Quantitative psychology refers to the development, testing, and application of statistics to psychological research. Statistics are a tool that psychology researchers use to make arguments for or against the existence of phenomena based on hypothesis testing.
Faculty mentors in the Quantitative Methods track differ regarding whether they expect students to work on projects focused on statistical development and testing versus statistical application (see more information about the distinction below).
Students interested this track are expected to contact a potential faculty mentor with expertise in quantitative methods before applying to the program to determine whether they will be accepting students and their expectations for a thesis project.
Development and Testing
Some Quantitative Methods track students will complete thesis and other research projects that develop and test a new statistic. These students work with faculty mentors who tend to identify primarily as quantitative psychologists or methodologists.
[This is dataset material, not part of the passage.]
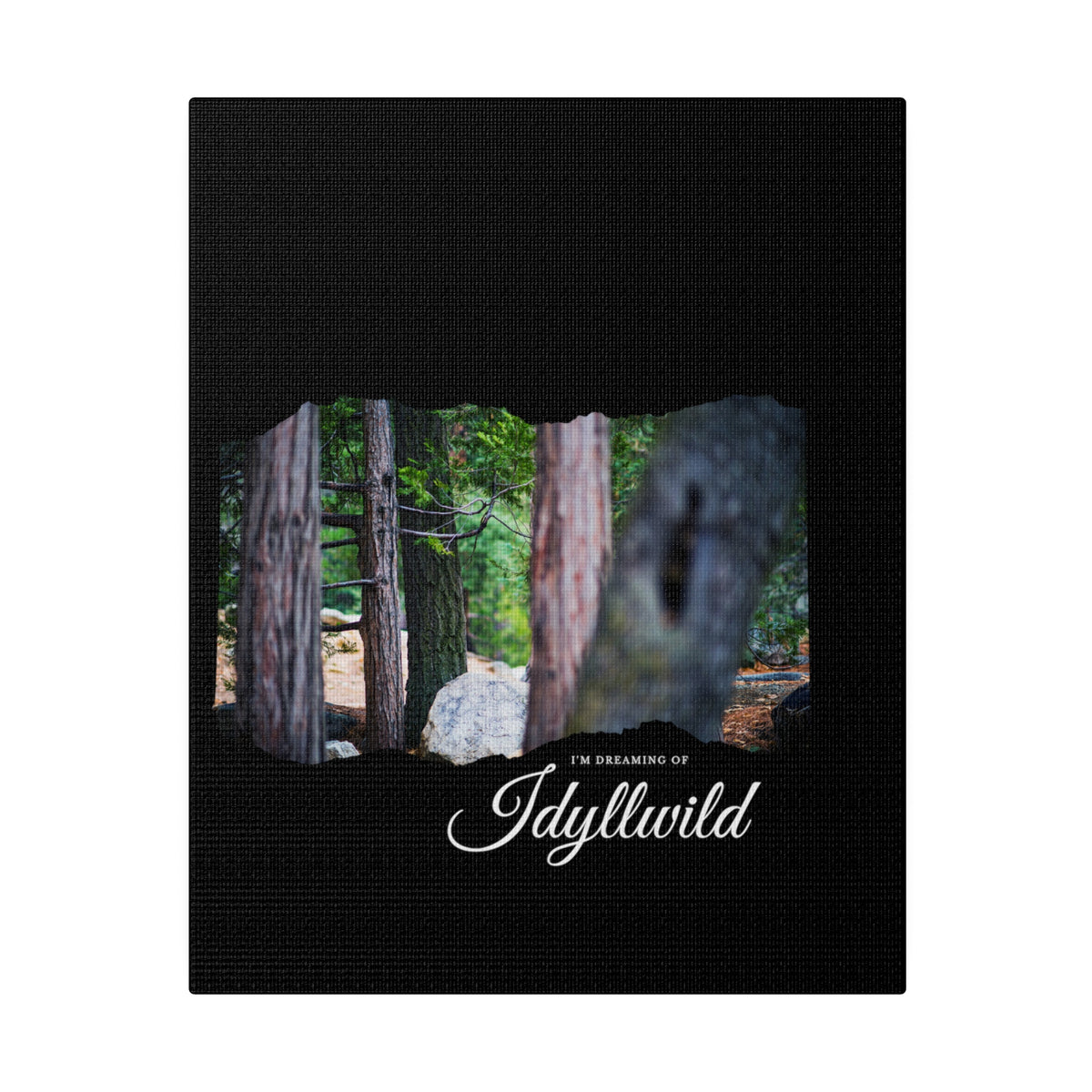 Matte Canvas, Stretched, 0.75" Dreaming of FOrest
They work on projects that create a new statistical tool to test a hypothesis and will also examine whether a new statistic outperforms another one.
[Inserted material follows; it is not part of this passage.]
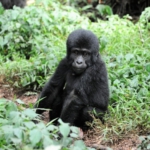 Gorilla trekking in Bwindi Impenetrable Forest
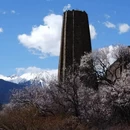 林芝旅游 缩略图 17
For example, one student in this track developed and tested different forms of a t-test. She identified the conditions (e.g., sample size, effect size) wherein one method would outperform another, and then provided general recommendations to psychology researchers based on the conditions they would face in their own research. The project mainly required computer coding and data simulation.
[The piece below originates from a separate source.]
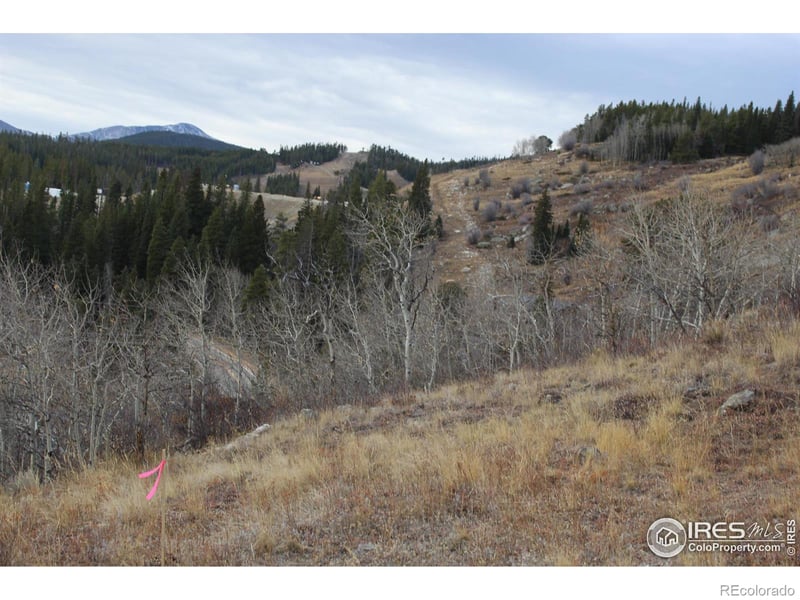 0 Lake Eldora Ski Rd, Nederland, CO 80466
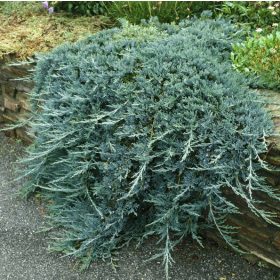   Kék kúszóboróka - Juniperus horizontalis 'Glauca'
Some Quantitative Methods track students will complete thesis and other research projects that apply advanced statistical methods to answer research questions in their content area. These students work with faculty mentors who tend to identify primarily as social or industrial-organizational psychologists but use advanced statistical methods in their research programs.
For example, students may use factor analysis techniques to validate a new measure of social stigma or seek to understand work-family conflict differences across cultures using multi-level modeling and measurement invariance techniques. These projects required data collection using newly developed surveys or use archival data from large organizational databases.